Shinh et al compared AXL expression in 58 patient-derived lung adenocarcinoma tissue specimens and identified ~48% (28/58) as positive and ~52% (30/58) with negative expression. AXL protein expression was retrospectively evaluated with clinicopathologic features and found to be significantly correlated with lymph node involvement (P<0.0001) and advanced clinical stage (P<0.0001). Further clinical outcome data in early-stage, resected lung adenocarcinomas demonstrated the prognostic impact of AXL expression on patient survival with a significant difference in 5-year overall survival rates comparing high and low AXL protein levels (38.6% and 77.5%, respectively; P<0.0001).
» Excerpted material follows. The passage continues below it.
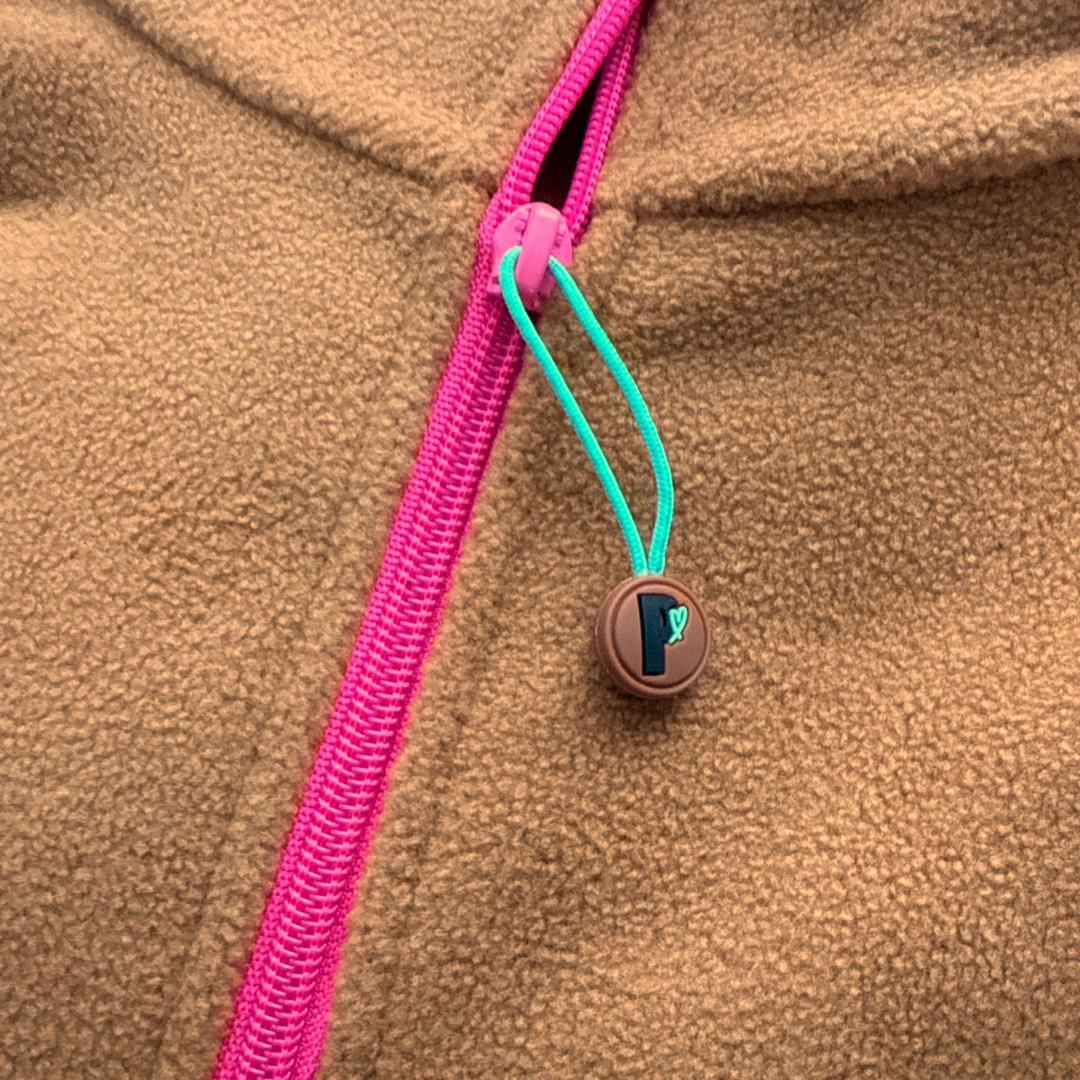 Gros plan du zipper fuchsia et de la tirette turquoise du polar court Toffee Peek Breeze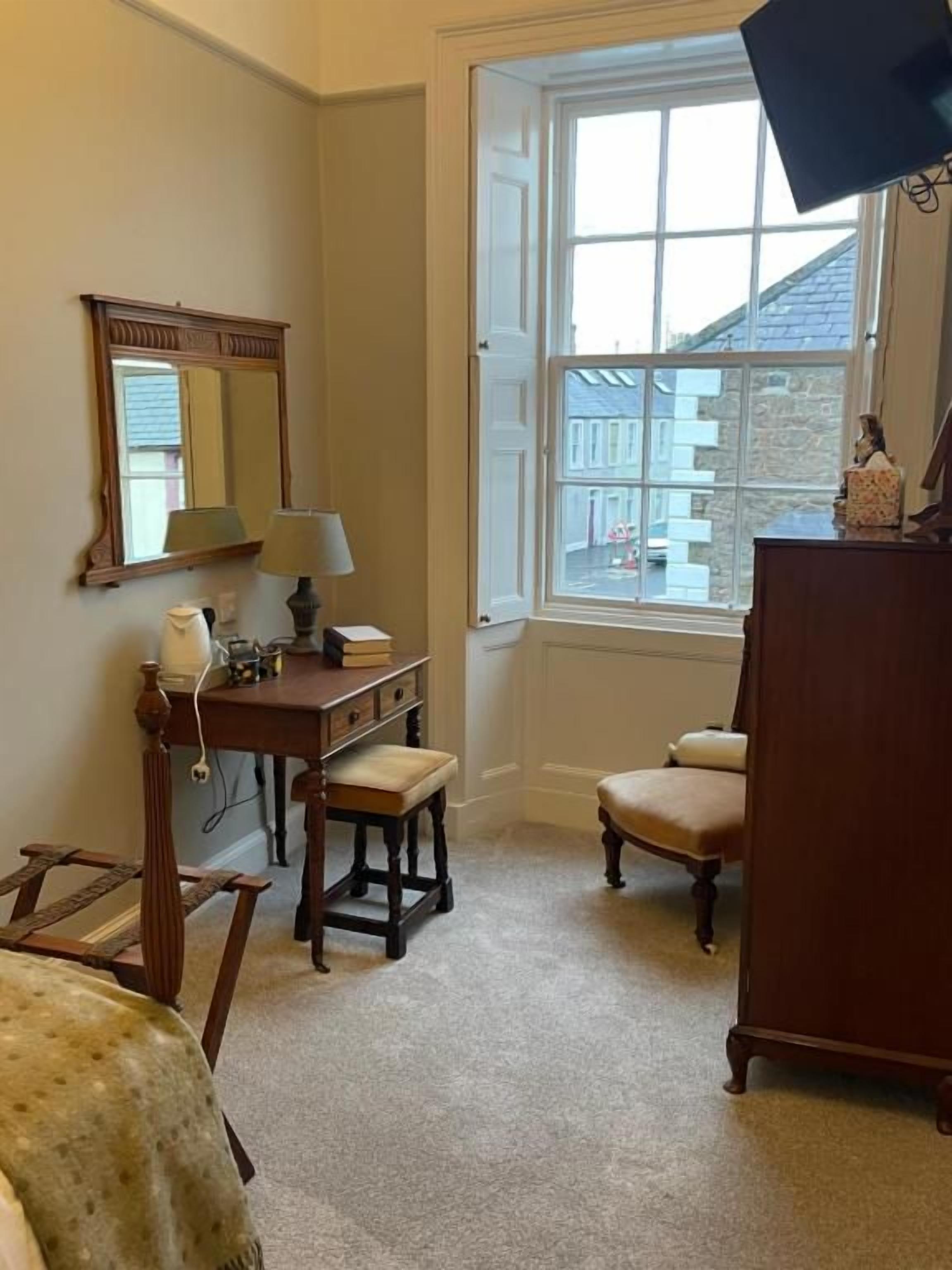 Une pièce comprenant un bureau en bois, une chaise, une petite table avec une lampe, un miroir et une fenêtre donnant sur des bâtiments.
AXL represents an independent prognostic marker and therapeutic target in AML. AML cells induce expression and secretion of the AXL ligand growth arrest-specific gene 6 (Gas6) by bone marrow-derived stromal cells (BMDSCs). Gas6 in turn mediates proliferation, survival, and chemoresistance of AXL-expressing AML cells. This Gas6-Axl paracrine axis between AML cells and BMDSCs establishes a chemo-protective tumor cell niche that can be abrogated by AXL-targeting approaches. AXL inhibition is active in FLT3-mutated and FLT3 wild-type AML, improves clinically relevant end points, and its efficacy depends on presence of Gas6 and AXL. AXL inhibition alone or in combination with chemotherapy might represent a novel therapeutic avenue for AML.